Much of the domestic discourse on preparedness for the second wave of H1N1 has focused on the speed with which a vaccine has been produced, which ignores a striking fact: ninety percent of H1N1 vaccine stocks will be distributed to individuals in the U.S., and eleven other wealthy countries, while the rest of the world must make due with the remains.
As the 95 poorest countries wait for vaccine donations from the U.S. and elsewhere to arrive, which will only allow them to vaccinate just two percent of their populations, the Netherlands has begun to sell off surplus vaccine stock. This inequality in access has sparked criticism from public health and human rights advocates, who argue that there is an epidemiologic and moral imperative to ensure vaccine availability in poor countries. Though these criticisms may be valid, they fail to address a more politically persuasive point that lack of access to vaccinations in low and middle-income countries imperils domestic public health and national security. Ad hoc vaccine sharing is not only an incomplete strategy for managing global health threats, but it also leaves the U.S. population vulnerable.
There are several reasons why it is in the interests of the United States to enhance global vaccine access and pandemic response capacity in low and middle-income countries. First, the current vaccine allocation arrangement ensures that countries with the least capability for managing a pandemic also have the least access to life-saving vaccines and medicines, thereby perpetuating the cycle of illness and poverty in poor countries, and creating fertile ground for new or re-emerging viruses to replicate, mutate and eventually spread back to the United States.
Moreover, during a more virulent outbreak, the U.S. could be exposed to broader economic risks due to disruptions to the "just-in-time" global economy. In 2003, the poorly managed SARS outbreak halted travel and trade in Southeast Asia and cost an estimated $50 billion in that region alone.
Finally, the majority of vaccines (including H1N1), as well as essential medical supplies such as facemasks and ventilators, are manufactured abroad. A severe pandemic with high rates of illness and death could lead to rampant absenteeism from work, or worse, hoarding in countries that produce and manufacture these goods. The risk of hoarding is increased if there is a persistent perception that wealthy countries act according to narrow self-interest during global health emergencies. Unfortunately, this has already happened. Indonesia has refused to share virus samples and report cases of the deadly H5N1 flu virus to the World Health Organization (WHO) for fear that wealthy countries would use this information to produce costly drugs and sell them back to poor countries at a profit. While the reasoning is severely flawed and endangers the health of people all around the world, it reveals the potential consequences of persistent inequality in access to essential medicines.

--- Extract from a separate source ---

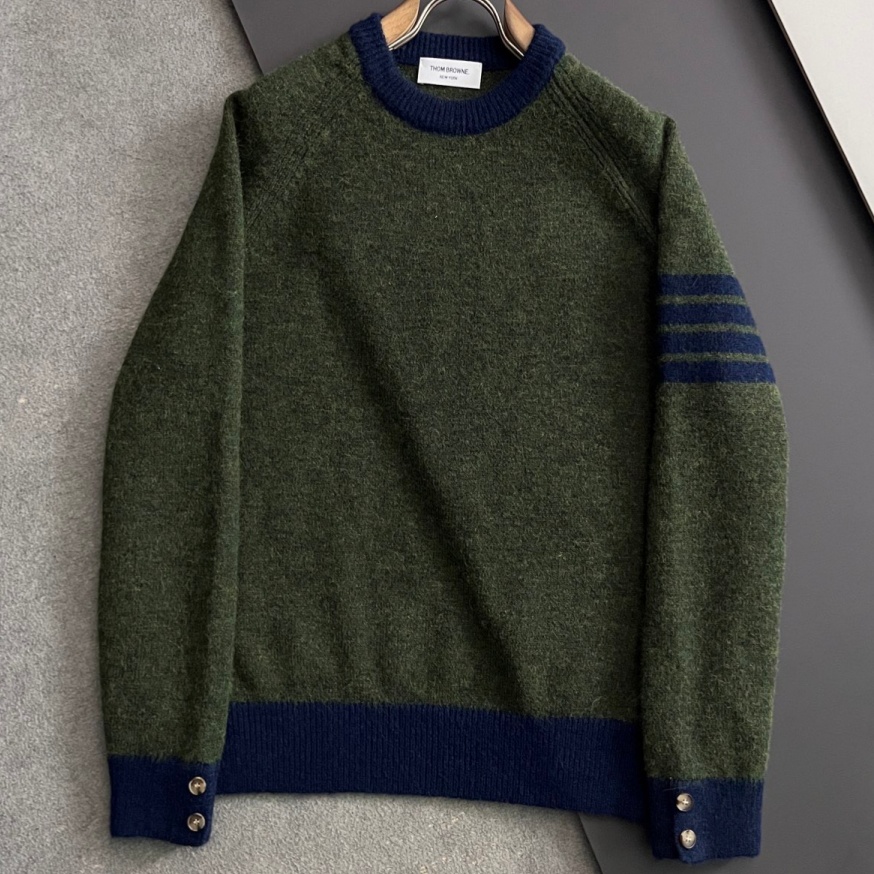 [홍콩명품.THOM BROWNE ] 톰 브라운 2026 남성용 니트 풀오버 TB1368  PD 홍콩명품의류,구매대행,온라인명품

The H1N1 experience has taught us that a more robust U.S. response must address the inadequate global supply of vaccine during pandemic emergencies, often called "surge capacity," and enhance low and middle-income countries' domestic response capabilities.

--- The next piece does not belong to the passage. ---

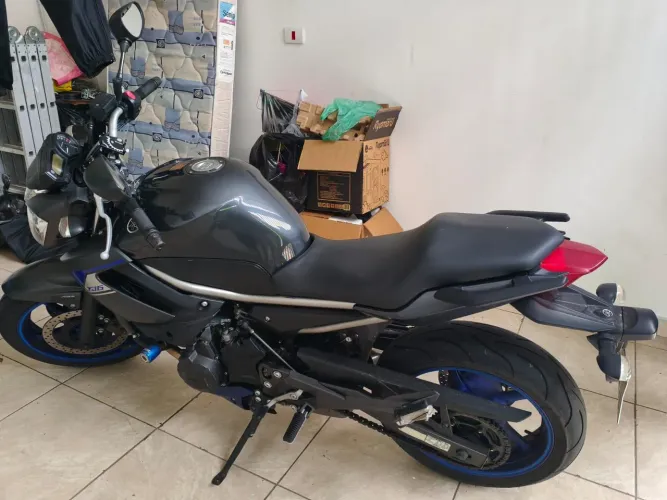Vende-se e troco XJ6 N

Work on expanding the supply and domestic production capacity is underway, and the U.S government should continue to support newer production approaches, such as cell-based or DNA-based vaccines, which can help to mitigate current surge capacity shortfalls. To complement these efforts, the U.S. FDA should expedite the review of safety and efficacy data of adjuvant-boosted vaccines. Adjuvants serve as a multiplier, exponentially increasing the number of people who can be immunized by a given amount of vaccine, and they have been extensively tested and used in Europe and Canada safely for years. Contrary to the spurious rhetoric from the anti-vaccine movement, adjuvant use in the U.S. would enable the demand for domestic vaccine to be met rapidly and safely. It would also enhance our ability to supply vaccine to poorer countries.

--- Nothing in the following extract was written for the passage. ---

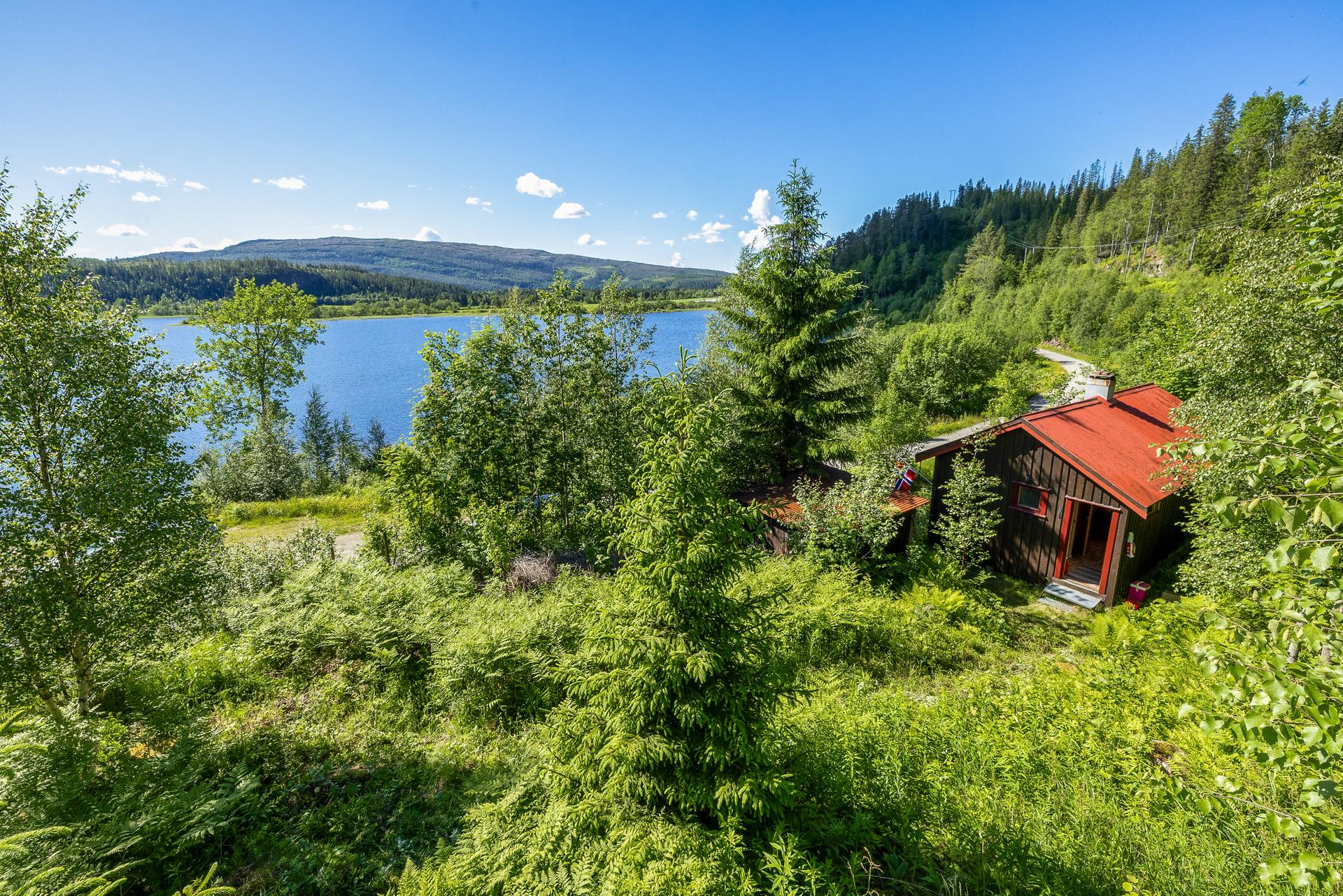 EiendomsMegler 1 v/Henrik Fjær Tausvik har gleden av å presentere Eidsvassvegen 140! Foto: Martin Hågensen . Bilde nummer 1 av 3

In addition to stimulating vaccine production, the U.S. should devote additional financial and technical resources to building disease surveillance and response capacity in developing countries. Most importantly, the world needs a formal governance mechanism for pandemic emergencies that procures, stockpiles and distributes vaccines and supplies for developing countries to replace the current system of ad hoc donations. The G7 plus Mexico recently met to discuss equitable vaccine distribution; the United States should ensure that such a mechanism is part of ongoing discussions.
H1N1 will not be the last or worst pandemic humanity will face. It should therefore serve as a "teachable moment" for the U.S. and other donor nations. Poor countries' inability to manage pandemic emergencies poses a threat to health everywhere. International solidarity on pandemic management guided by enlightened self-interest is not only the right thing to do and good foreign policy, it is essential to ensuring the health and security of the U.S. citizenry.